The DH 106 was designed in 1944 and the swept tailless layout (which they obviously chose not to go with ultimately) was one of three being considered, long before the RAE had the chance to fly the 163. Indeed the De Havilland project's existence heightened the RAE's interest in evaluating the Me 163 when one was captured as a chance to fly the layout early (for us). I am sure that once one was available they looked at the 163 very closely indeed, as you say.

There were several previous projects that shared the 163's layout. One was a large Vickers bomber from 1942, another was a Shorts airliner powered by 5 Griffons, also to the Brabazon comittees requirements, but remember also that Prof GTR Hill built and flew his Pterodactyl aircraft with Westland many years earlier and there is the extensive work in the USA of Jack Northrop, none of which takes anything away from the genius of Alexander Lippisch, but it does not necessarily follow that anything resembling a Lippisch design was copied from it, except the X-4 Bantam of course, which SO obviously was. 
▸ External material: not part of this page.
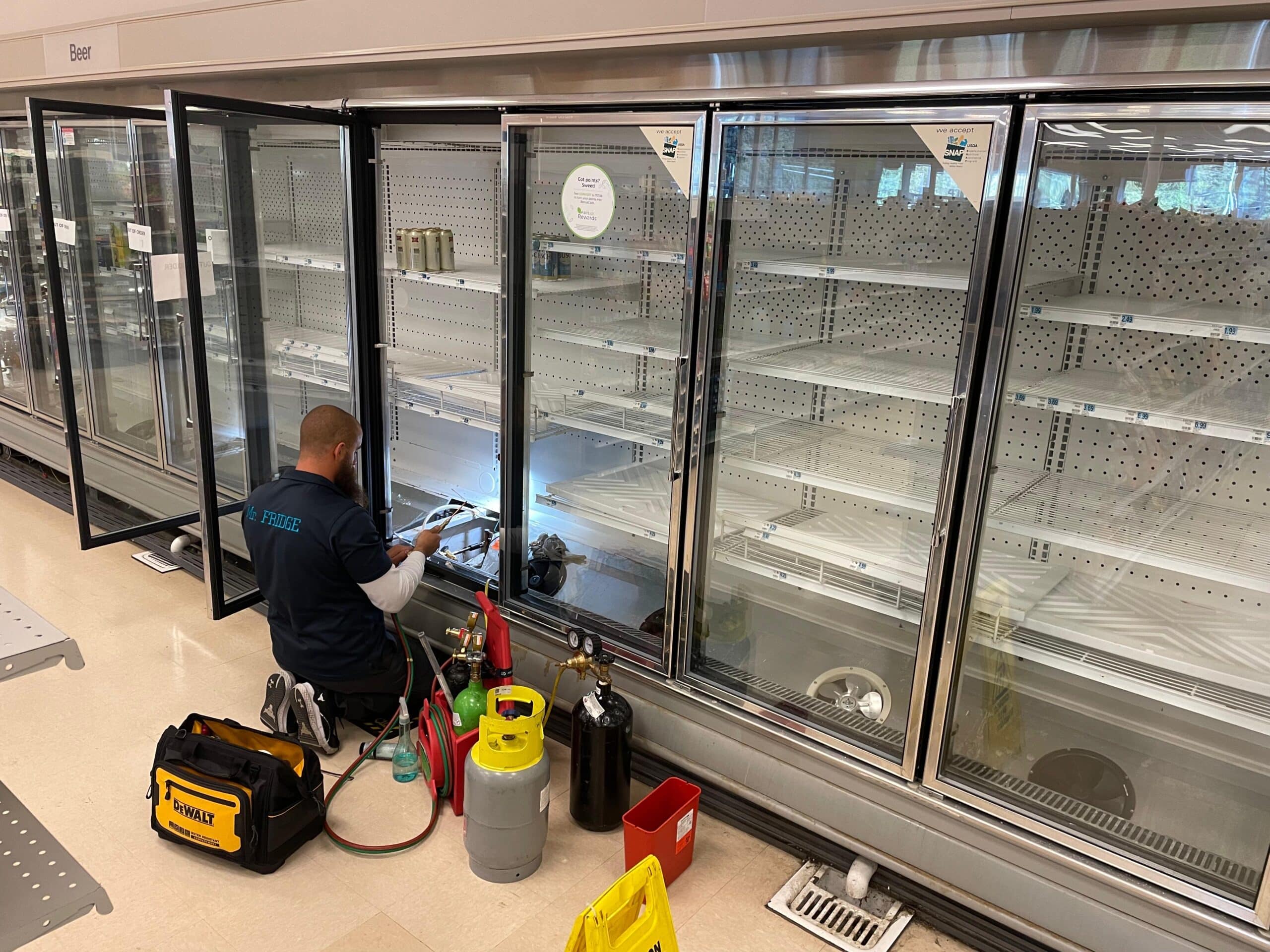 Technician working beside an open glass-door refrigerated display case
As a footnote, you may already know this, Professor Hill and Lippisch were well known to each other and at a Lecture on the design and construction of gliders at the Three Choughs Hotel in Yeovil, where Westland are based, on 2nd Feb 1931, Lippisch praised Hills work in England on tailless aircraft, Lippisch was already well known for his own work on tailless aircraft even at this early date.


----------



## KrazyKraut (Jan 25, 2009)

Waynos said:


> The DH 106 was designed in 1944 and the swept tailless layout (which they obviously chose not to go with ultimately) was one of three being considered, long before the RAE had the chance to fly the 163. Indeed the De Havilland project's existence heightened the RAE's interest in evaluating the Me 163 when one was captured as a chance to fly the layout early (for us). I am sure that once one was available they looked at the 163 very closely indeed, as you say.


I was referring to th DH108. I probably should've made that more clear.
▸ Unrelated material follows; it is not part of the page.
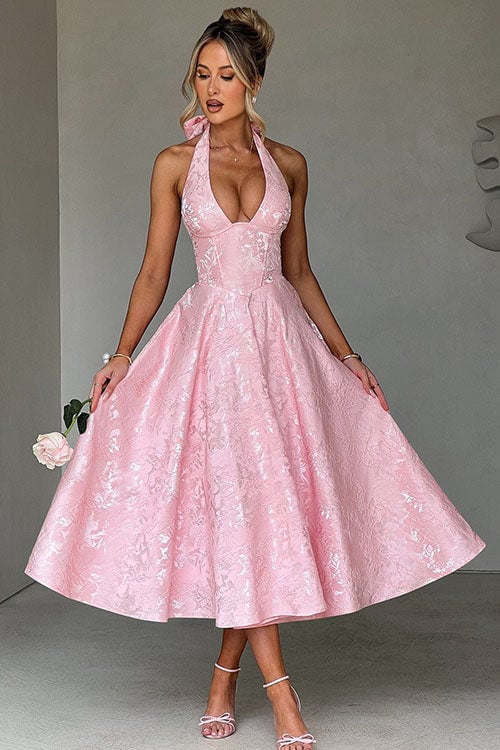 Pink halterneck jacquard maxi dress on a model showing the open neckline and shoulder detail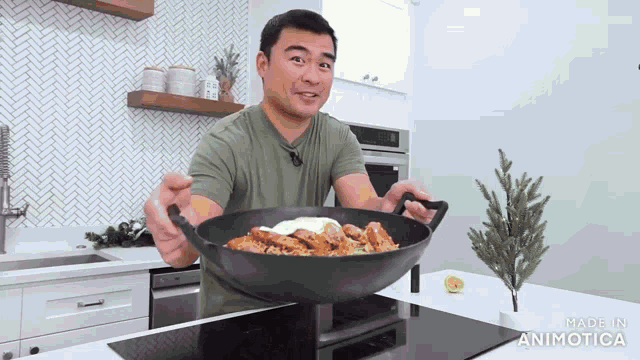 a man in a green shirt is holding a wok with food in it and the words made in animatica on the bottom right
> The 163 was not a rush project like the Bachem Natter for example, Lippisch had been designing it for several years but its deployment was rushed. As he had been waiting for a rocket motor to be delivered from Walther since May 1942 there was even a piston engined version, the Me 334 schemed by Lippisch which was only shelved after the rocket powereed version had finally flown.
> 
> Yes the problems of the 163 were entirely the fault of its motor and fuel system, but it was a complete package, you could not have one without the other as all the schemes for a jet powered version of the 163 were still on the drawing board so yes, I do consider that it was rushed into service.


It seems we were in a misunderstanding then. As the basis for this argument was airframe design I falsely concluded from your first post that you meant the Me 163 airframe to be underdeveloped. As far as propulsion goes, I agree. However, I doubt that the Walter engine could've ever made into something really safe. For the Me 163 that meant either deploy or scrap the project altogether. Incorporating a jet engine basically meant designing a new plane.


----------



## Graeme (Jan 25, 2009)

KrazyKraut said:


> I was referring to th DH108. I probably should've made that more clear.
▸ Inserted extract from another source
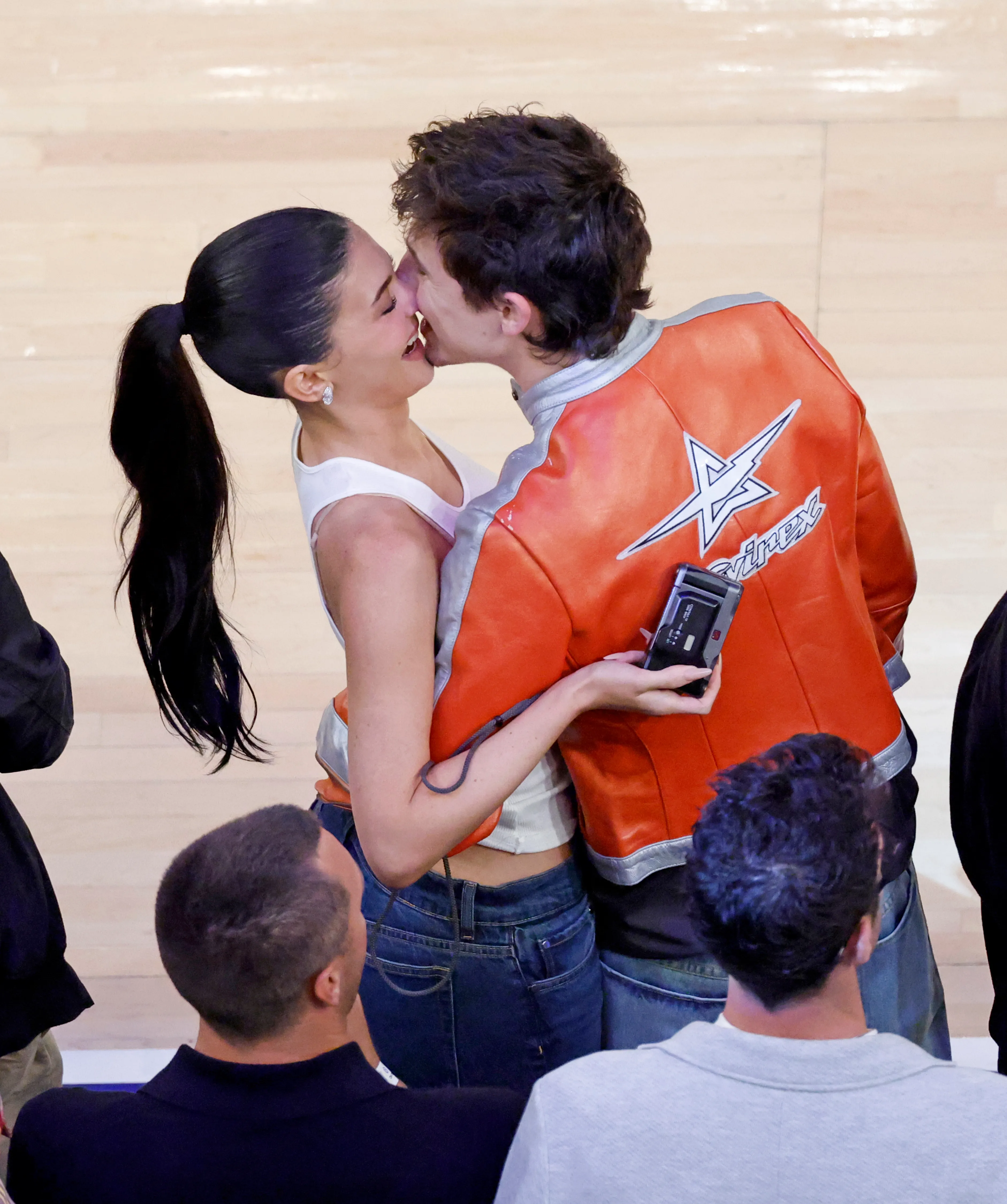 Kylie Jenner and Timothee Chalamet kiss courtside during an NBA Playoffs game.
The design finalisation for the DH-108 was "locked " in September 1945 and the first aircraft (TG283) rolled out in April 1946. When was the first Me-163 available for the De Havilland design team to have a "look or two?" When they went back to the Hatfield assembly plant what did they do? The wing and fin sweeps were different, slats incorporated, jet engine, Vampire frame, wheeled undercarriage...what did they change?


----------



## KrazyKraut (Jan 25, 2009)

There were three Me 163's shipped to GB afaik. When, I don't know. An aircraft can be inspired by another without copying directly. I only speculated that the D.H.108's design might've been influenced by the Komet, I never said it must necessarily be so and I have no evidence to support this. It may very well be that both teams found the same answers to the same problems.


----------



## Waynos (Jan 25, 2009)

No problem KKr, I can see what you mean.

Also (and again this is pure speculation as I haven't looked into it yet) if DH HAD copied the 163, might they not have suffered the catastrophic flutter problem of the 108, or was this heading Messerschmitt's way too with the more highly swept designs like the P.1111, which if anything, is much more like the DH 108 than the Me 163 is?


----------



## Soren (Jan 25, 2009)

red admiral said:


> Nonsense as usual from Soren
> 
> The F.1's maximum take off weight was 4753kg, 2891kg empty. The FB.9's maximum take off weight was 5620kg. 6400kg for the Me 262 just seems to be some random figure you've pulled from nowhere. Apart from the handful of preproduction types with Goblin 1 engines, the rest had 3100lbf Goblin 2s. Even with the Goblin 1, the Vampire has a higher t/w ratio than the Me 262.
> 
> ...



The only one posting nonsense so far is you red admiral, and that has infact become the defining feature of your character on this forum.

The FB.1 (Which wasnt ready before 1946, 3 years after the first service ready Me262!) featured the Goblin I engine which produced 10.2 kN of thrust, and for its high combat weight of 5,620 kg that just wasn't enough and it featured a horrible T/W ratio compared to the Me-262. 

And I haven't pulled any random figures, they're factual and you've just gotta learn to deal with them cause they don't run away. This is the real world red admiral, not your little fairytale land where you can make stuff up.

Furthermore the Me262 wasn't rushed into production, it was severely delayed, and had you put more attention into history you would've known that, but unsurprisingly you didn't. The Meteor F4 project was however not delayed as you claim, it merely took that long to get the prototype into a properly functioning a/c worthy of service.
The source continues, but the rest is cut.